ECONOMY

Jobs Are Coming Back, But It’s Still a Long Road for Some

Companies are hiring and unemployment is falling across most advanced economies on hopes that vaccines will eventually contain the Coronavirus. But not every job is coming back.

The pandemic has pushed out older employees and is deepening inequality as lower income workers feel the brunt of the crisis. Economists warn that there’s still a way to go before global employment is back to where it was before the pandemic.

Here’s a snapshot of the jobs recovery in the biggest advanced economies:

A resurgent U.S. job market is creating more opportunities at a faster clip than many economists and employers expected. Nonfarm payrolls rose by 916,000 in March, blowing away economists’ median estimate of a 660,000-job gain. But there are gaps. There are still nearly 2 million fewer U.S. women in the labor force than before Covid. Black women in particular are falling behind other groups in job gains. Bloomberg Economics sees U.S. unemployment dropping below 6% in the current quarter then heading toward 5.1% in the fourth quarter before falling to 4% at the end of 2022.

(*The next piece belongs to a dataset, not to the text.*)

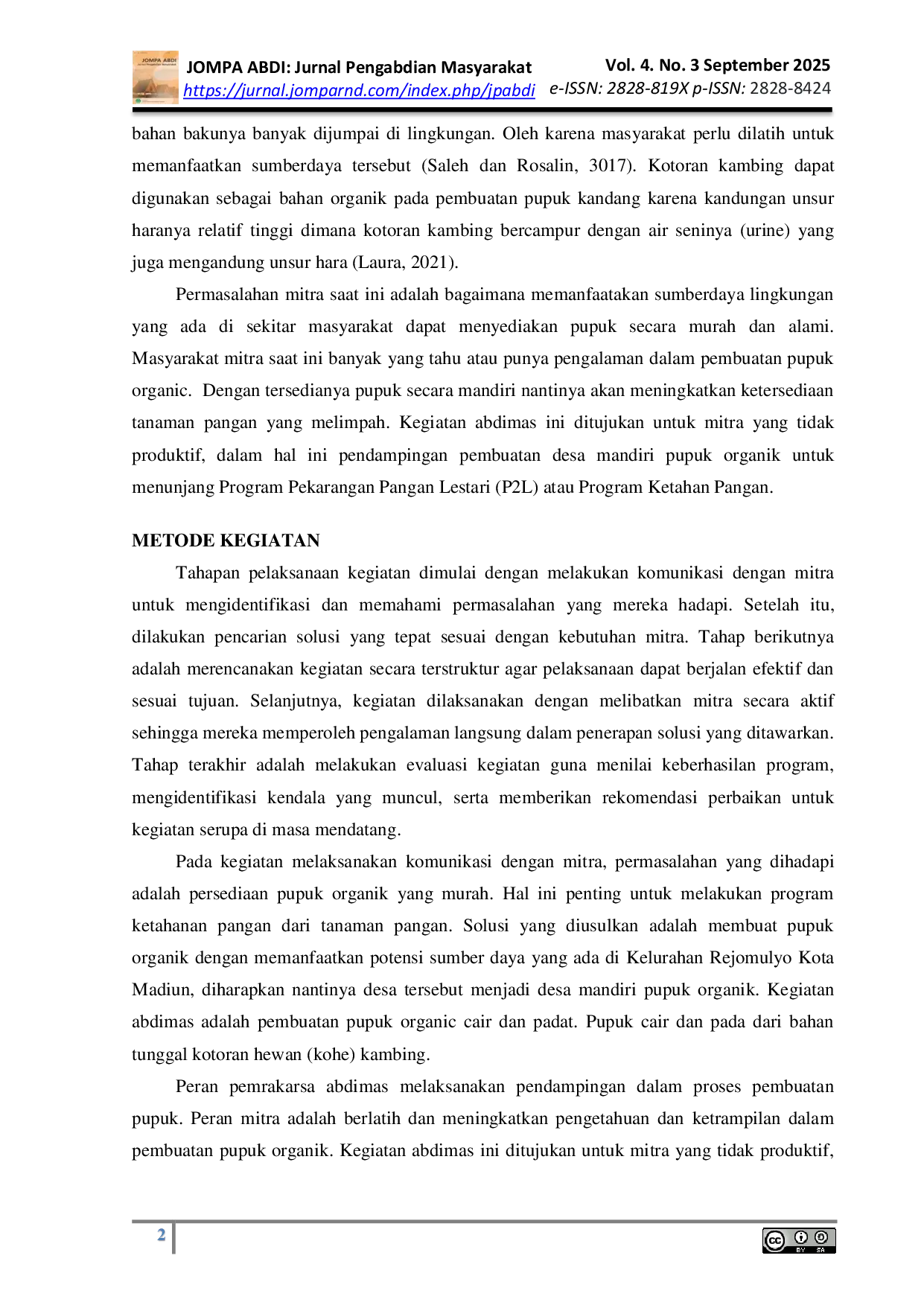 JURIS Pelatihan Pembuatan Pupuk Organik Cair Di Kelurahan Rejomulyo Kecamatan Kartoharjo Kota Madiun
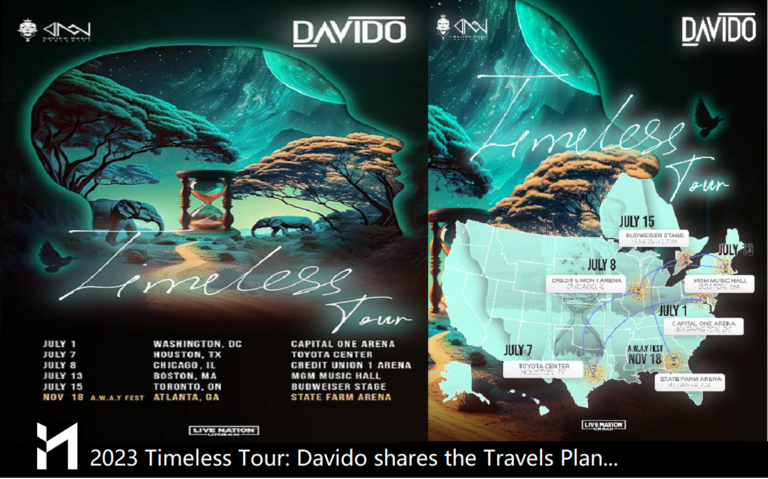2023 Timeless Tour: David Adeleke, popularly known as Davido, shares his travels plan from July 2023 upward via his Twitter handle @davido.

Japan’s resilient employment is masking underlying weakness. The proportion of available jobs is still sharply down from pre-pandemic levels, reflecting weak hiring in hotels, restaurants and bars. The unemployed are outnumbered by people furloughed or on leave, and the number leaving the working force altogether is rising. Bloomberg Economics expects Japan’s jobless rate to rise to around 3.0% in the second quarter as renewed virus-containment measures hits the services sector.

German employment has been more resilient than in other European countries due to a greater reliance of the economy on manufacturing even as thousands of businesses remain affected by recently-extended pandemic restrictions. Yet many businesses are strained by nearly six months of lockdowns, and the labor market has a long way to go before a full recovery. Bloomberg Economics expects Germany’s unemployment rate to fall to 4.2% in the fourth quarter and to be at 4% at the end of 2022.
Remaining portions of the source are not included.